Globalmente, os anos desde 2015 foram os mais quentes já registrados.

– Inundações:

Em julho, Alemanha e Bélgica sofreram inundações catastróficas, com mais de 200 mortos e bilhões de euros em danos.

Um episódio que viu sua probabilidade de ocorrência aumentar de 20% para 900% por causa do aquecimento, ainda segundo a WWA.

A intensidade do fenômeno também foi ampliada, chegando a 19% a mais de precipitação.

O aumento da temperatura da atmosfera de fato aumenta mecanicamente a umidade que ela pode conter.

– Furacões e monções:

Não está estabelecida a influência do aquecimento no desencadeamento de tempestades tropicais, mas o aumento do calor do mar fornece um “combustível” que aumenta sua intensidade.

No início de setembro, resquícios do furacão Ida subiram da costa leste dos Estados Unidos para a região de Nova York, causando uma inundação espetacular no metrô e matando 47 pessoas.

No total, segundo a OMM, seus danos poderiam ultrapassar os do Katrina (2005), até então o furacão mais custoso com US$ 163 bilhões em danos.

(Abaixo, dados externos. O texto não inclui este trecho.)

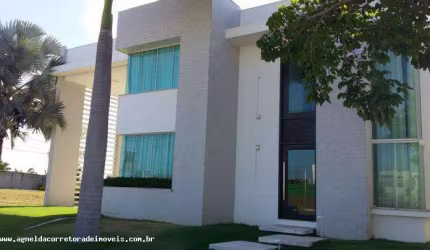 Casa em Condomínio para Venda em Parnamirim, Pium, 5 dormitórios, 4 suítes, 7 banheiros, 4 vagas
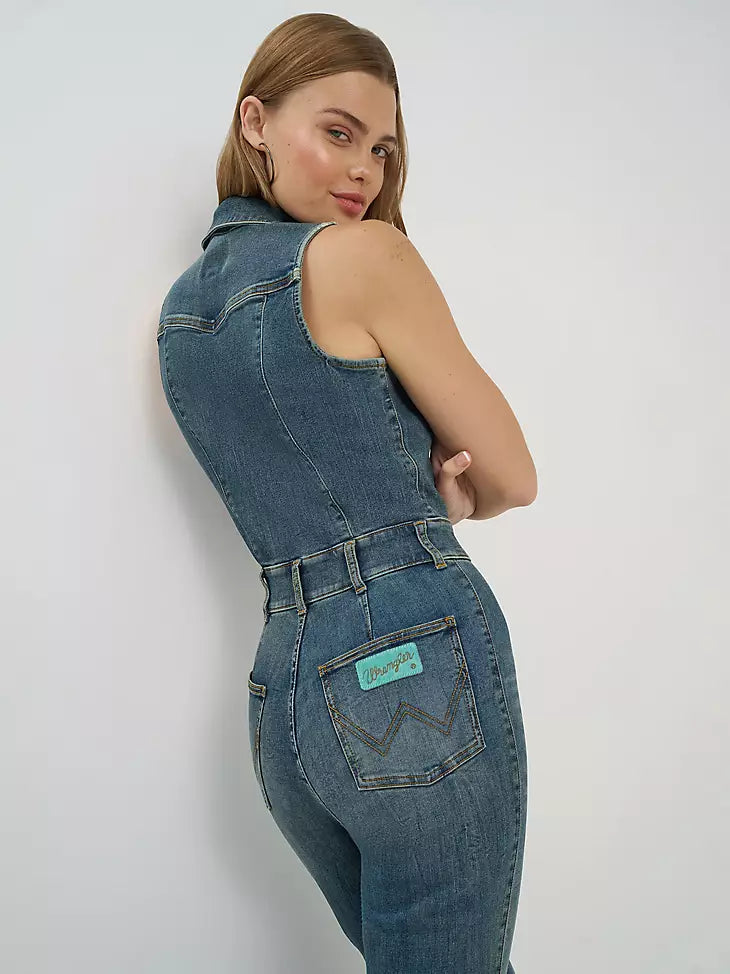 Lainey Wilson x Wrangler catsuit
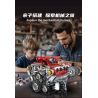 KAIXING K96204 96204 ĐỘNG CƠ SIÊU XE MÔ PHỎNG bộ đồ chơi xếp lắp ráp ghép mô hình Technic SUPERCAR V8 ENGINE Kỹ Thuật Công Nghệ Cao Mô Hình Phương Tiện 3201 khối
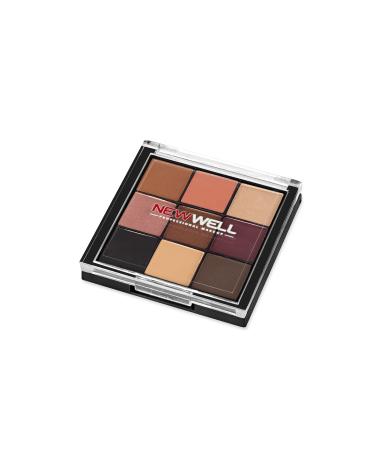 New Well Eyeshadow Palette 9 Colors No 03 - Buy Online on GoSupps.com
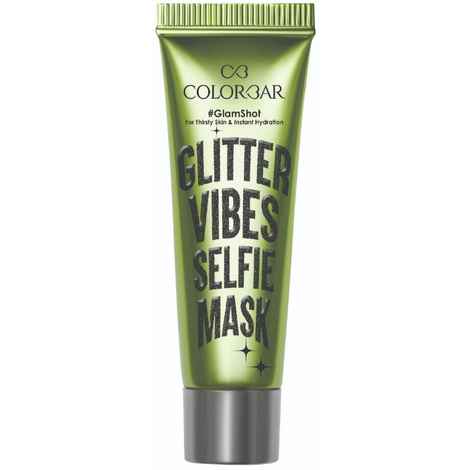 Buy Colorbar Glitter Vibes Selfie Mask GlamShot (29 g) - Purplle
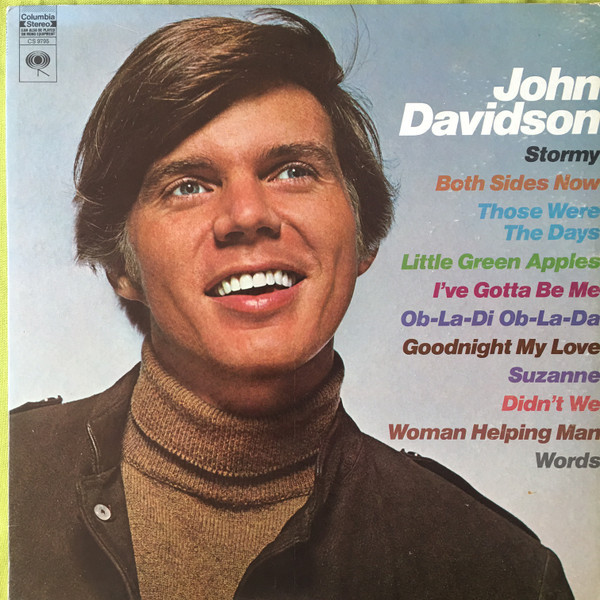 John Davidson - John Davidson - Columbia - CS 9795 - LP, Album, Pit 2471819327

O furacão Harvey, que atingiu o Texas em 2017 e continua sendo o segundo furacão mais caro (mais de US$ 95 bilhões em danos), teve 3,5 vezes mais probabilidade de ter tal intensidade, de acordo com um estudo, devido às mudanças climáticas.

Em países pobres, onde esses fenômenos costumam matar muito mais pessoas, a WWA estimou que as inundações em Bangladesh durante a devastadora monção de 2017 tiveram até o dobro de probabilidade de ocorrer, devido às mudanças climáticas. Este fator aumentará, se nada mudar.

– Fome e sede:

Vários anos de seca em Madagascar causaram fome e mergulharam os moradores em um “filme de terror”, a ponto de terem que comer lama, denunciaram as agências de ajuda da ONU em junho.

Segundo elas, trata-se de uma crise provocada pelo aquecimento global.

Em 2018, os 3,7 milhões de habitantes da Cidade do Cabo, na África do Sul, viveram sob a ameaça de um “dia zero” sem água corrente.

Em outras partes do continente, a alternância de variações climáticas extremas na África Oriental favoreceu, de acordo com especialistas, uma invasão de gafanhotos que ameaça milhões de pessoas.

– Geadas caras:

Em abril, dois dos vinhedos mais prestigiosos da França, Burgundy e Champagne, foram atingidos por intensas geadas tardias, e mais de dois bilhões de euros em faturamento, perdidos.

De acordo com a WWA, é “cerca de 60%” mais provável que tal evento ocorra durante um período de floração.